§ **EXERCISE DETAILS**
Every record must be copied exactly, except that pictures are dropped.

Dataset records
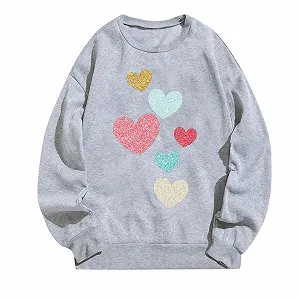 Женская флисовая куртка Толстовка с принтом ко Дню Святого Валентина, длинный рукав, круглый вырез, свободный верх - Фото 1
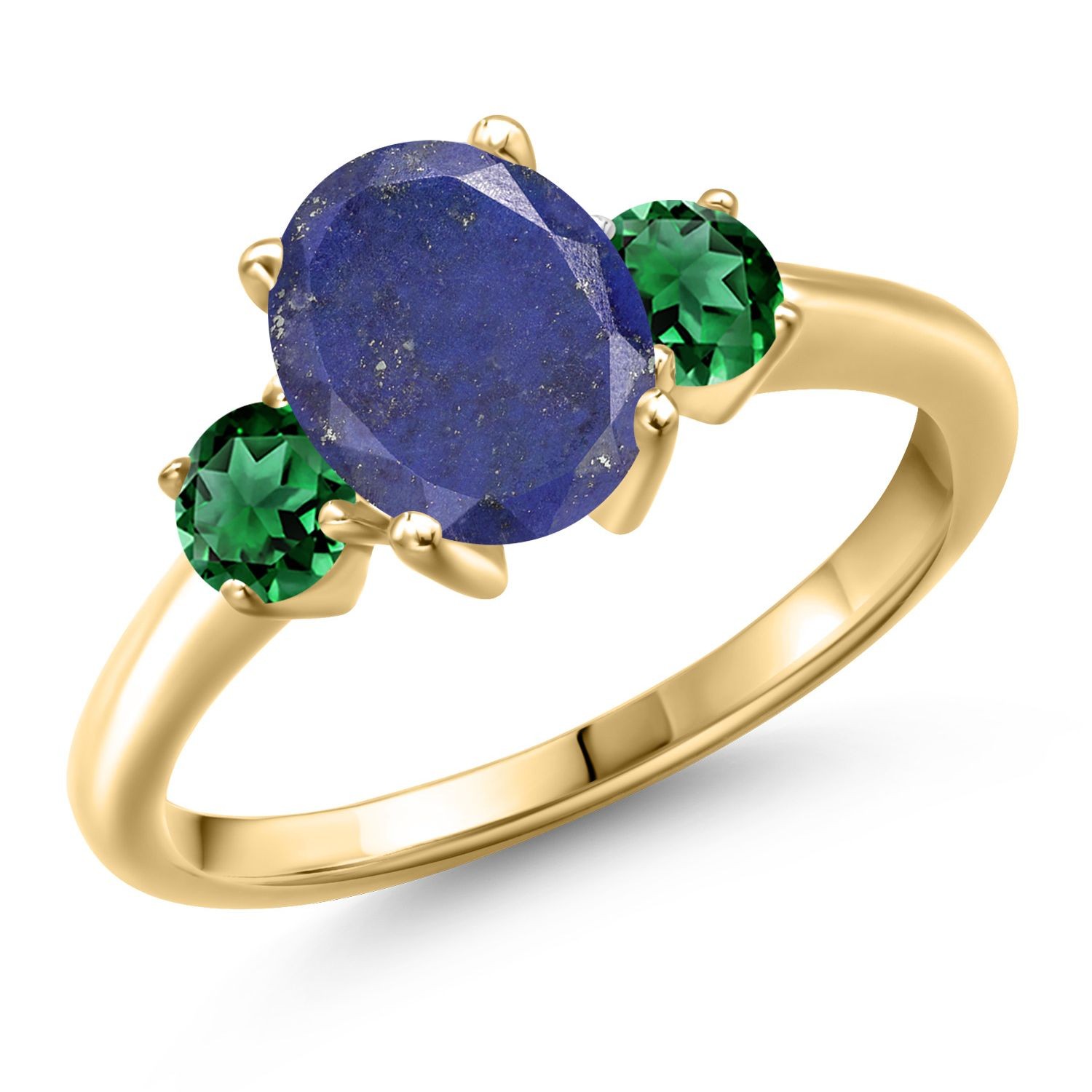 18K Yellow Gold Plated Silver Blue Lapis and Nano Emerald Engagement Ring For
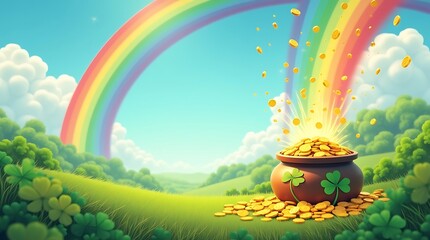 Obraz premium Pot of Gold on Grass with Rainbow and Sunny Sky Background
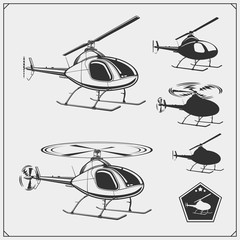 Vector set of helicopters.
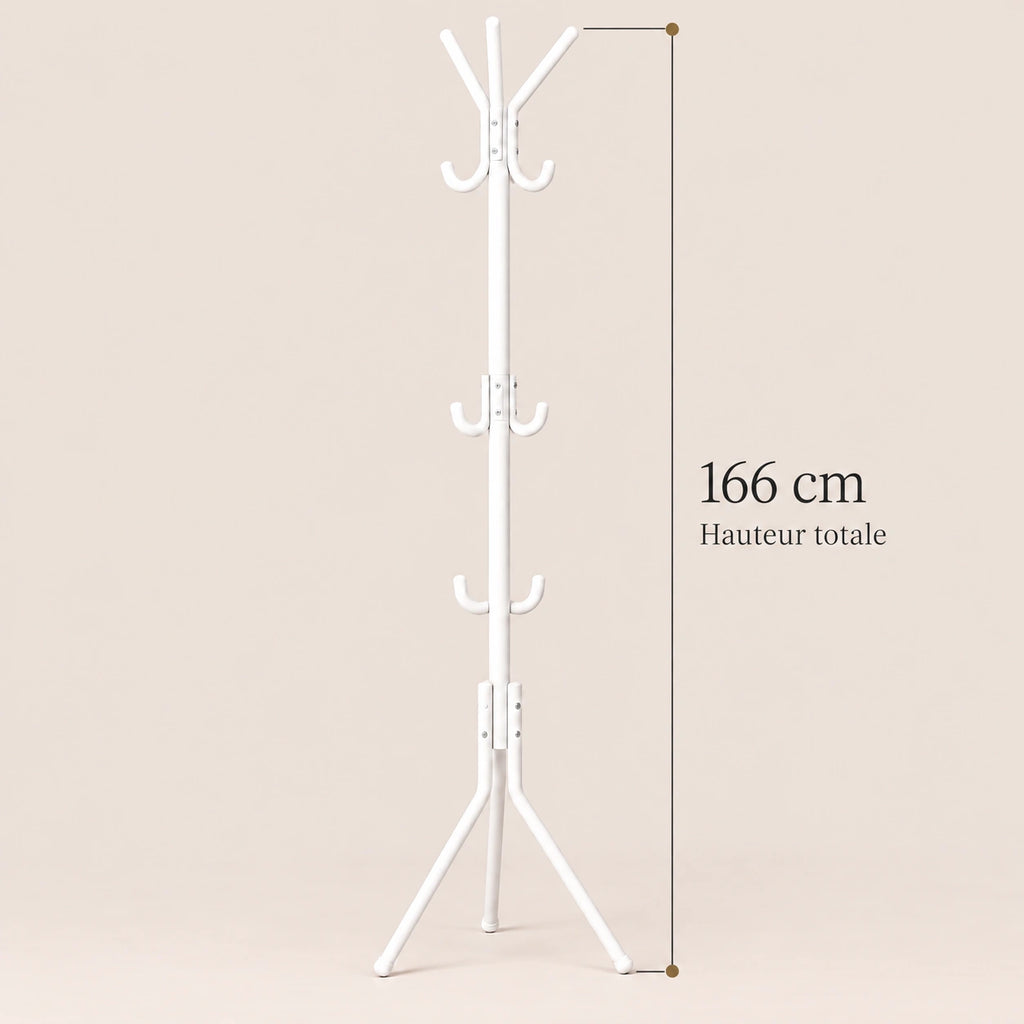 porte-manteau sur pied blanc 9 patères 166 cm – dimensions du produit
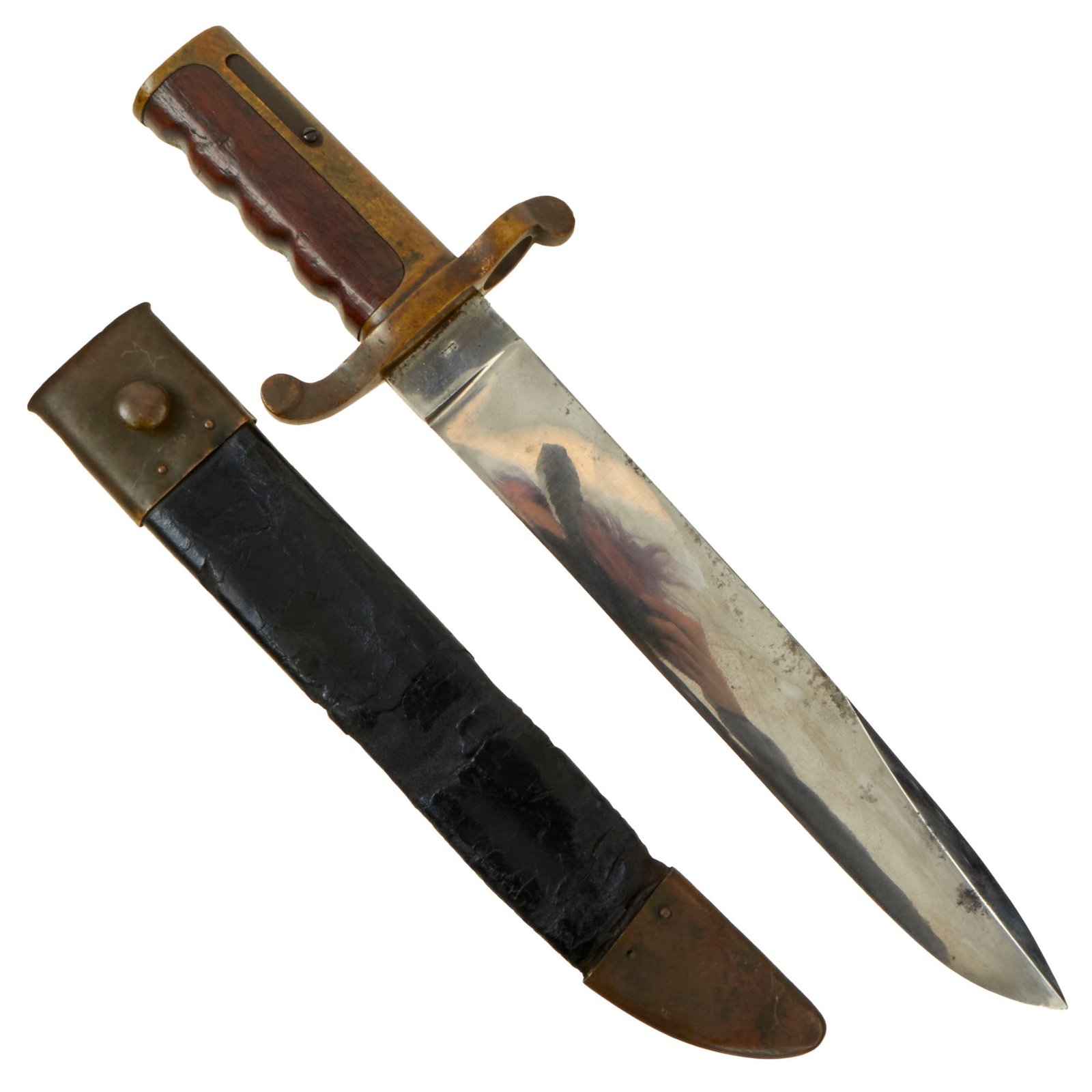Buy Original U.S. Civil War US Navy M1861 “Dahlgren” Bowie Knife Bayonet and Scabbard By Ames - Dated 1861 | Original Firearms Antique For Sale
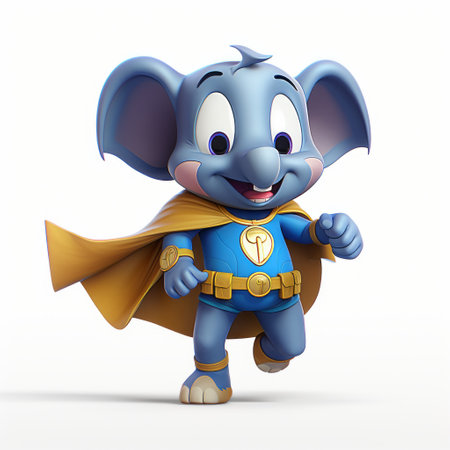 the monkey is seen wearing blue and yellow robes, showcasing a detailed character design reminiscent of tiago hoisel's style. the image features superheroes and majestic elephants, all rendered in maya. the cute and cartoonish designs are skillfully sculpted, creating a visually appealing composition. ai generatedの素材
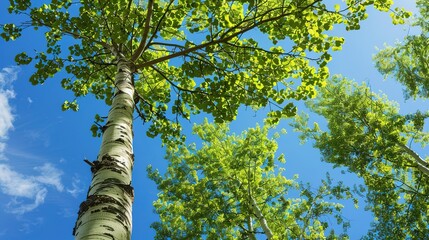 Fototapeta premium Towering Poplar Trees: Fast-Growing Species with Slender Trunks, Fluttering Leaves, and Iconic Silhouettes, Thriving in Forests, Riverbanks, and Urban Landscapes, Capturing Natural Elegance for Arbori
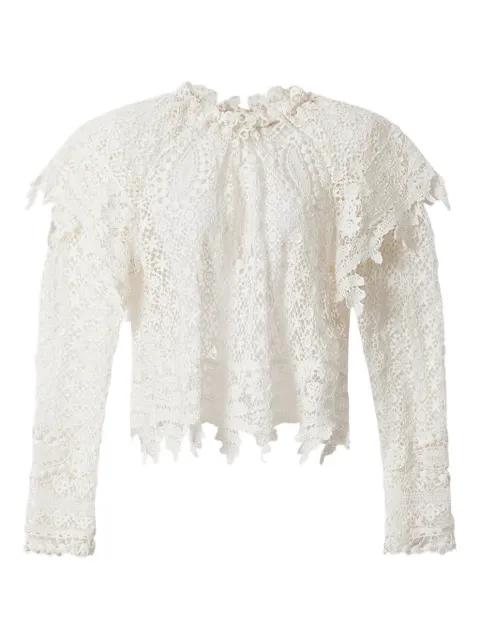 Hyliana ruffled lace top by ISABEL MARANT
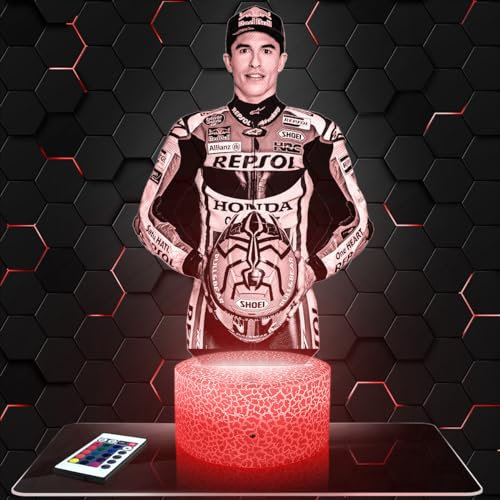 Nachttischlampe M.Marquez GP moto Pilot deko Racing. Geschenkidee Mann objekt M.Marquez GP moto Pilot Nachtlicht Erwachsene deko Zimmer. originell TOP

§ **SOLUTION FOR THIS TASK**
 Женская флисовая куртка Толстовка с принтом ко Дню Святого Валентина, длинный рукав, круглый вырез, свободный верх - Фото 1
 18K Yellow Gold Plated Silver Blue Lapis and Nano Emerald Engagement Ring For
 Obraz premium Pot of Gold on Grass with Rainbow and Sunny Sky Background
 Vector set of helicopters.
 porte-manteau sur pied blanc 9 patères 166 cm – dimensions du produit
Buy Original U.S. Civil War US Navy M1861 “Dahlgren” Bowie Knife Bayonet and Scabbard By Ames - Dated 1861 | Original Firearms Antique For Sale
 the monkey is seen wearing blue and yellow robes, showcasing a detailed character design reminiscent of tiago hoisel's style. the image features superheroes and majestic elephants, all rendered in maya. the cute and cartoonish designs are skillfully sculpted, creating a visually appealing composition. ai generatedの素材
 Fototapeta premium Towering Poplar Trees: Fast-Growing Species with Slender Trunks, Fluttering Leaves, and Iconic Silhouettes, Thriving in Forests, Riverbanks, and Urban Landscapes, Capturing Natural Elegance for Arbori
 Hyliana ruffled lace top by ISABEL MARANT
 Nachttischlampe M.Marquez GP moto Pilot deko Racing. Geschenkidee Mann objekt M.Marquez GP moto Pilot Nachtlicht Erwachsene deko Zimmer. originell TOP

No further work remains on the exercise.